Les résultats annuels de la filiale de Lufthansa montrent pourtant que la compagnie a progressé sur tous les plans l’an dernier : le nombre de vols a augmenté de 11 % pour dépasser les 68 000, ce qui représente plus de 9,1 millions de passagers. Les revenus ont ainsi progressé de 7 % pour atteindre plus de 1,6 milliard d’euros.
La marge bénéficiaire a toutefois reculé de 2,1 points de pourcentage pour atteindre 1,7 %. Or Brussels Airlines vise une marge de 8 %, jugée indispensable par la maison mère Lufthansa pour pouvoir continuer à investir, notamment dans le renouvellement de la flotte.
« 2025 a clairement été un pas en arrière sur la voie vers une marge bénéficiaire de 8 % que nous voulons atteindre », explique la directrice financière Nina Öwerdieck. « L’objectif reste toutefois inchangé et nous ferons tout pour revenir sur la bonne voie en 2026. »
Grèves et avions immobilisés
Les grèves nationales, menées contre la politique de réformes du gouvernement De Wever, ont pratiquement paralysé Brussels Airport pendant sept jours répartis sur l’année.
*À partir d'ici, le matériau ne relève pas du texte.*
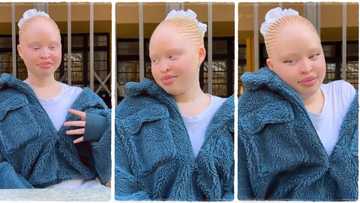 Albino lady who is extremely beautiful causes stir on TikTok as she flaunts her beauty, video Goes viral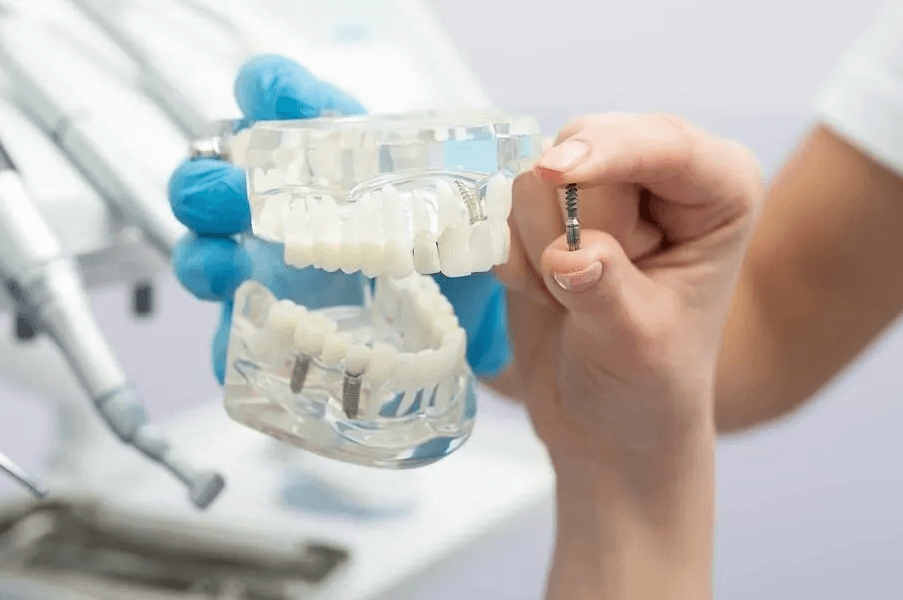 dental implants maintenance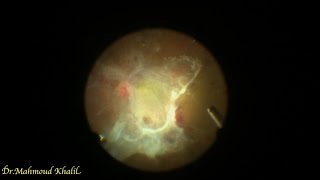 Unimanual vitrectomy in tractional retinal detachment [upl. by Dorothea237]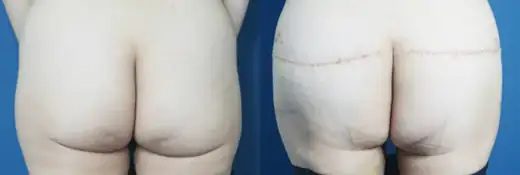 Buttock lift at Re nu Plastic Surgery. Before and after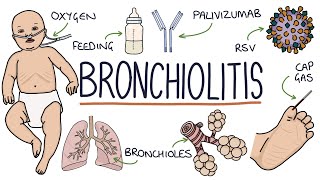 Bronchitis  Acute Bronchitis [upl. by Conrad]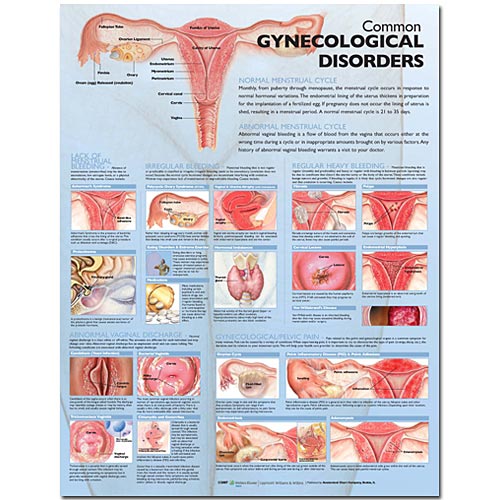 Wolter Kluwer Health Inc - 9780781773508 Anatomical Chart Common Gynecological Disorders 20 X 26 Inch Paper Grommets Laminated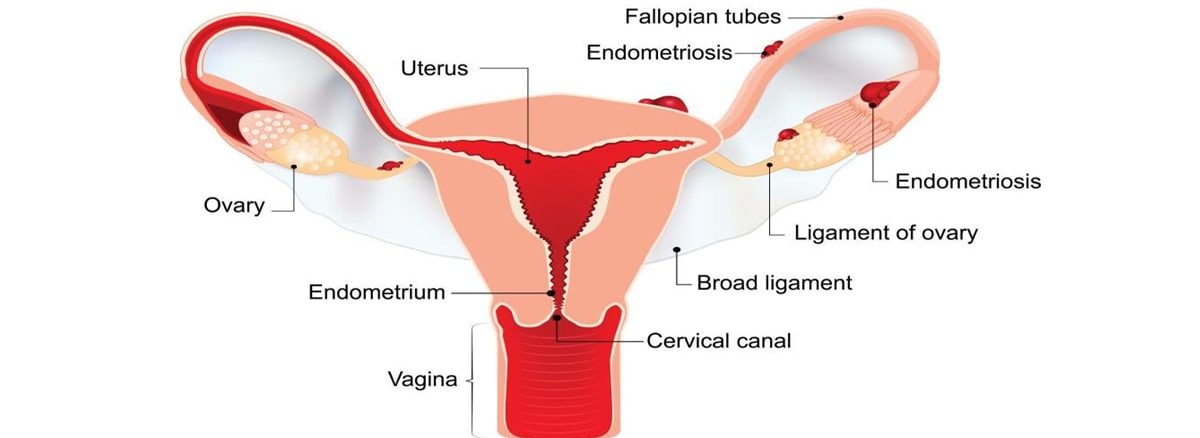 endometriosis treatment, endometriosis ka upchar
Lors de ces journées d’action, presque aucun vol n’a pu être opéré. Selon la compagnie, l’impact financier dépasse les 15 millions d’euros.
D’autres perturbations ont également contribué aux coûts. Des drones ont notamment été repérés au-dessus de Brussels Airport et l’un des services d’enregistrement de l’aéroport a été perturbé par une cyberattaque. Les coûts liés à ces irrégularités opérationnelles s’élèvent ainsi à environ quatre euros par passager, selon le calcul de Brussels Airlines.
La flotte long-courrier – le moteur des bénéfices de la compagnie – a également pesé sur les résultats. En raison de maintenances planifiées et imprévues, certains Airbus sont restés immobilisés plus longtemps que prévu. La compagnie a donc dû louer à la dernière minute des appareils auprès d’un partenaire externe, pour un coût total d’environ 19 millions d’euros.
« Malgré quelques revers importants, Brussels Airlines est restée rentable en 2025. Cela montre que la compagnie est stable et capable d’encaisser les chocs. Mais nos ambitions sont plus élevées », déclare la CEO Dorothea von Boxberg.
La compagnie aérienne vise, selon ses propres déclarations, à dépasser en 2026 le résultat de 2024 – soit 59 millions d’euros de bénéfice – et à poursuivre sa progression vers une marge bénéficiaire de 8 % à moyen terme.